Doorwerking plangebied
Met de realisatie van het planvoornemen vindt geen extra uitstraling van kunstlicht plaats. In vergelijking met de huidige planologische bebouwingmogelijkheden, pakt het planvoornemen positief uit voor de uitstraling van kunstlicht. Geconcludeerd wordt dat het aspect 'donkerte' geen belemmering vormt voor het voornemen.
De provincie beschikt over een palet aan instrumenten waarmee zij haar ambities realiseert. Eén van de instrumenten om het beleid uit de Omgevingsvisie Overijssel te laten doorwerken is de Omgevingsverordening Overijssel. De Omgevingsverordening is het provinciaal juridisch instrument dat wordt ingezet voor die onderwerpen waarvoor de provincie eraan hecht dat de doorwerking van het beleid van de Omgevingsvisie juridisch geborgd is.

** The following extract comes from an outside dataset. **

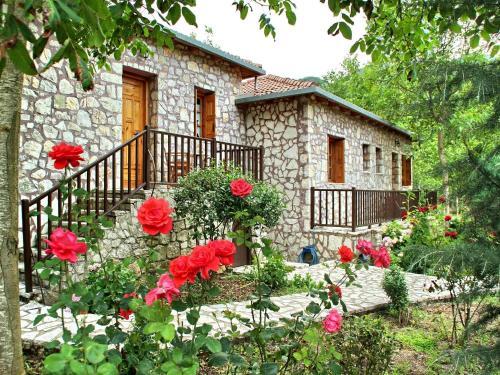 Apartamento Andrea Sofi Guesthouse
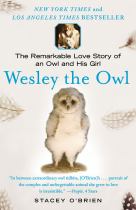 Book cover for Wesley the Owl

De volgende artikelen uit de Omgevingsverordening Overijssel zijn voor het planvoornemen van belang:
Hierna worden deze artikelen behandeld.
Artikel 2.1.2 lid 1 (Principe van concentratie)
'Bestemmingsplannen voorzien uitsluitend in woningbouw, aanleg van bedrijventerreinen voor lokaal gewortelde bedrijvigheid en het realiseren van stedelijke voorzieningen, met bijbehorende infrastructuur en groenvoorzieningen om te voldoen aan de lokale behoefte en de behoefte van bijzondere doelgroepen'.
Toetsing van het initiatief aan artikel 2.1.2, lid 1 van de Omgevingsverordening
De lokale behoefte is aangetoond bij de toetsing aan artikel 2.2.2., lid 1 van de Omgevingsverordening. Er is namelijk sprake van vervangende nieuwbouw.
Artikel 2.1.3, lid 2 (Zuinig en zorgvuldig ruimtegebruik)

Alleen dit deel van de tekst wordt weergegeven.